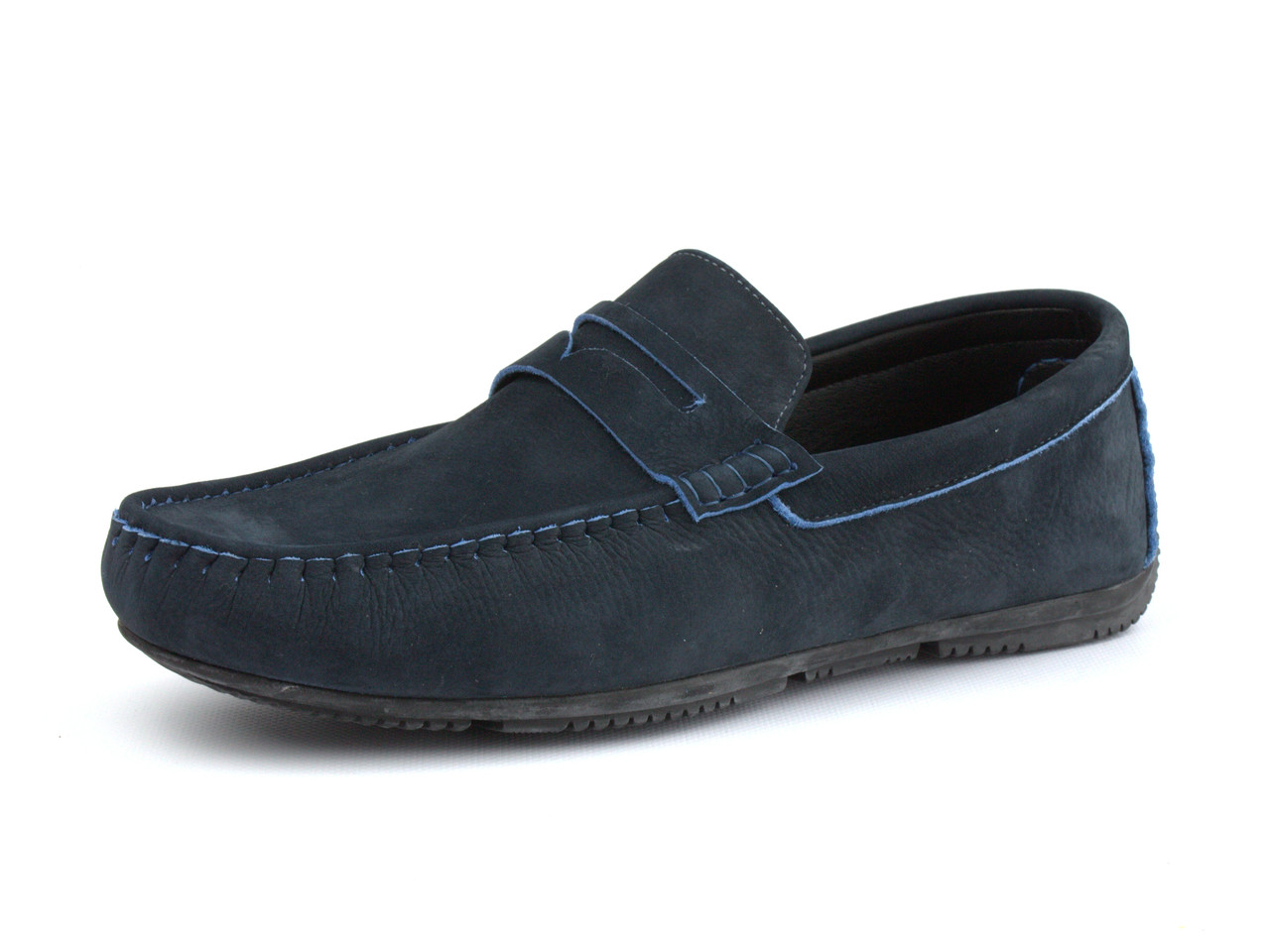 Мокасини сині нубукові ETHEREAL BS Classic Blu Nub by Rosso Avangard Взуття великих розмірів 46р 31 см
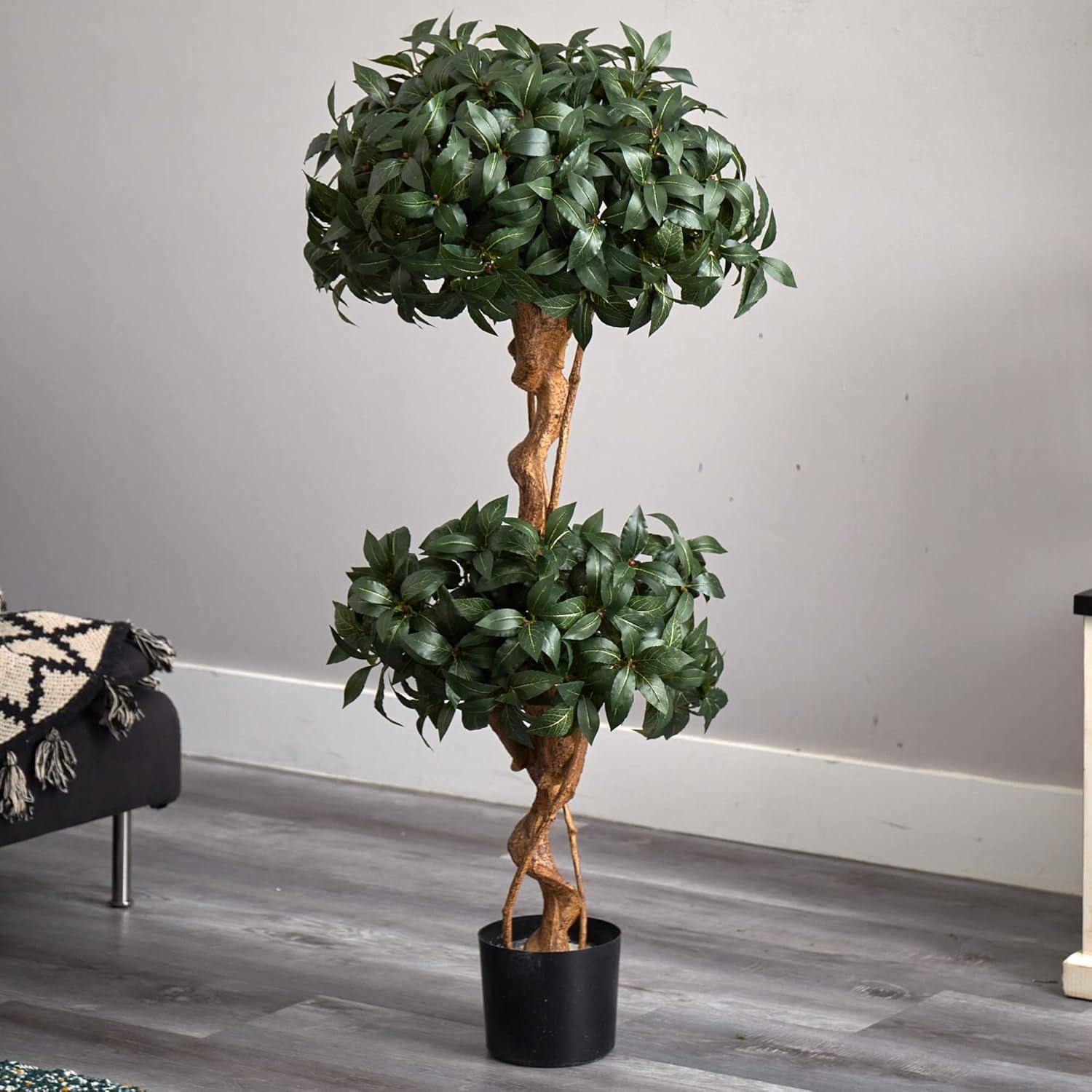 4' Sweet Bay Double Ball Topiary Silk Tree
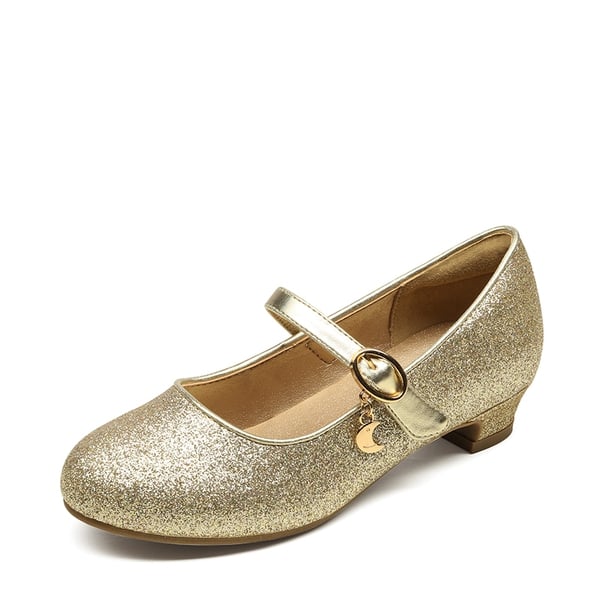 Girls Mary Jane Shoes with Low Heels - GOLD -  0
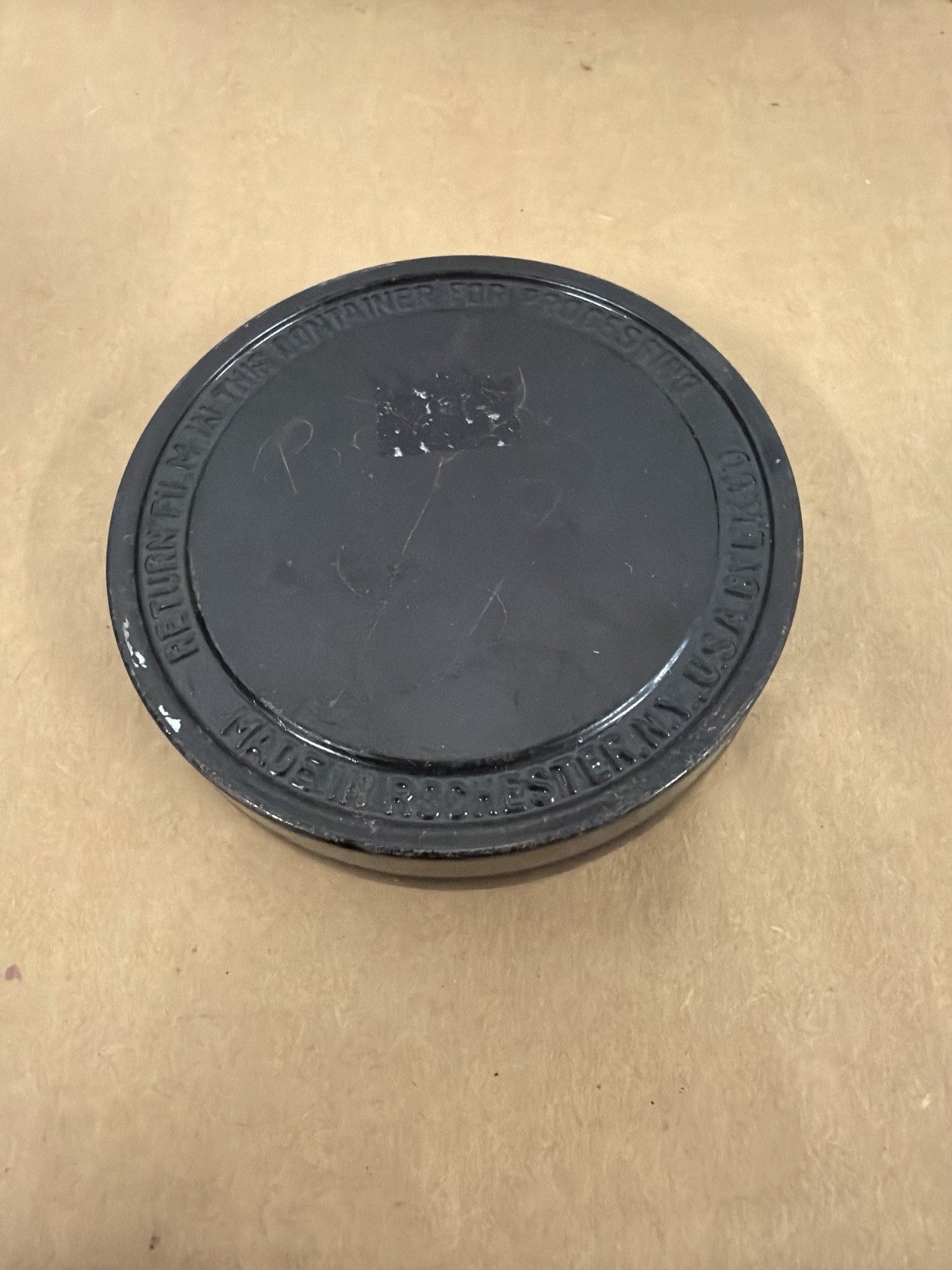 Vintage 3.5” 8mm Film Reel Can Case Black Plastic Storage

> _Your task_: All the lines above are to be given again exactly as they read, with the pictures removed.

> _Task solution_:
 Мокасини сині нубукові ETHEREAL BS Classic Blu Nub by Rosso Avangard Взуття великих розмірів 46р 31 см
 4' Sweet Bay Double Ball Topiary Silk Tree
 Girls Mary Jane Shoes with Low Heels - GOLD -  0
 Vintage 3.5” 8mm Film Reel Can Case Black Plastic Storage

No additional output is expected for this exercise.